The African Union’s Peace and Security Council has sent Nigerian ex-President Olusegun Obasanjo in an attempt to negotiate a peaceful solution to the present crisis between Ethiopia and Somalia, as tensions threaten to boil over into war.
The present crisis began when Ethiopia and the breakaway region of Somaliland signed a ‘Memorandum of Understanding’ on January 1st, which grants Ethiopia access to the Somaliland port of Berbera, where they will establish both a naval military base, as well as a commercial port on 20km of coastline.
In exchange, Ethiopia is to recognize Somaliland’s independence, and eventually establish official ties. While Somaliland has operated independently since 1991, they have thus far gone unrecognized, with the African Union (AU) official policy opposing the creation of states based upon former colonial borders. Somaliland’s borders are based upon the former British colonial border, whereas Somalia itself is a previous Italian colony.
Attempts at Mediation
While the African Union has “called on the Federal Democratic Republic of Ethiopia and the Federal Republic of Somalia to adhere to the fundamental principles of the AU and international law and draw inspiration from them in their bilateral and international relations”, President Obasanjo has a difficult job ahead of him as Somalia has shown very little willingness to negotiate with Ethiopia on the matter. Last week, Somali President Hassan Sheikh Mohamud stated that Somali’s should “prepare for the defence of our homeland”, and the Guardian quoted a Somali Presidential advisor as as saying “we are ready for a war if Abiy wants a war”, Abiy being Abiy Ahmed the Ethiopian Prime Minister.

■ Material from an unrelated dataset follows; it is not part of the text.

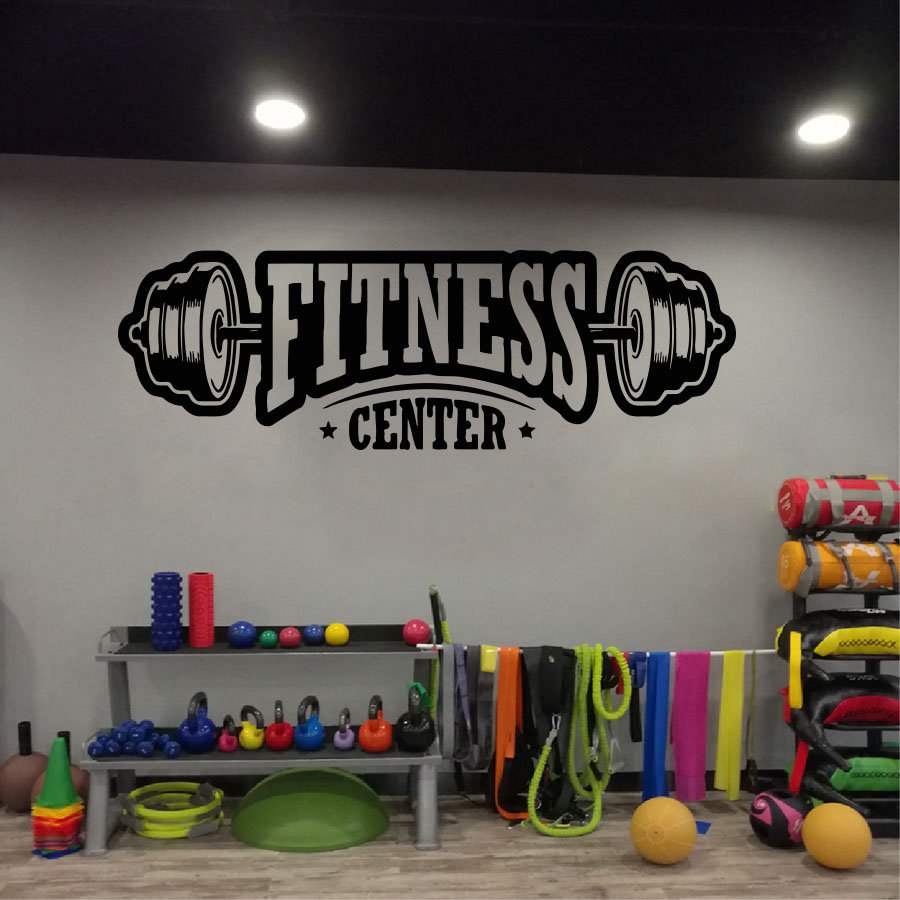 Ginásio decoração do vinil dec - Home Gym Wallpaper avaliação e preço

Yesterday Somalia’s foreign ministry released a statement saying that there was “no room for mediation unless Ethiopia corrects this by retracting the illegal MOU”, essentially rejecting any attempts at mediation for the crisis. Somalia demands that Ethiopia withdraw from the deal completely, and Ethiopia shows no signs of backing down on the deal, making any mediation attempts rather difficult.
The AU, EU, Arab League, UN, IGAD, and several other international entities have condemned the deal and urged respect for Somalia’s sovereignty.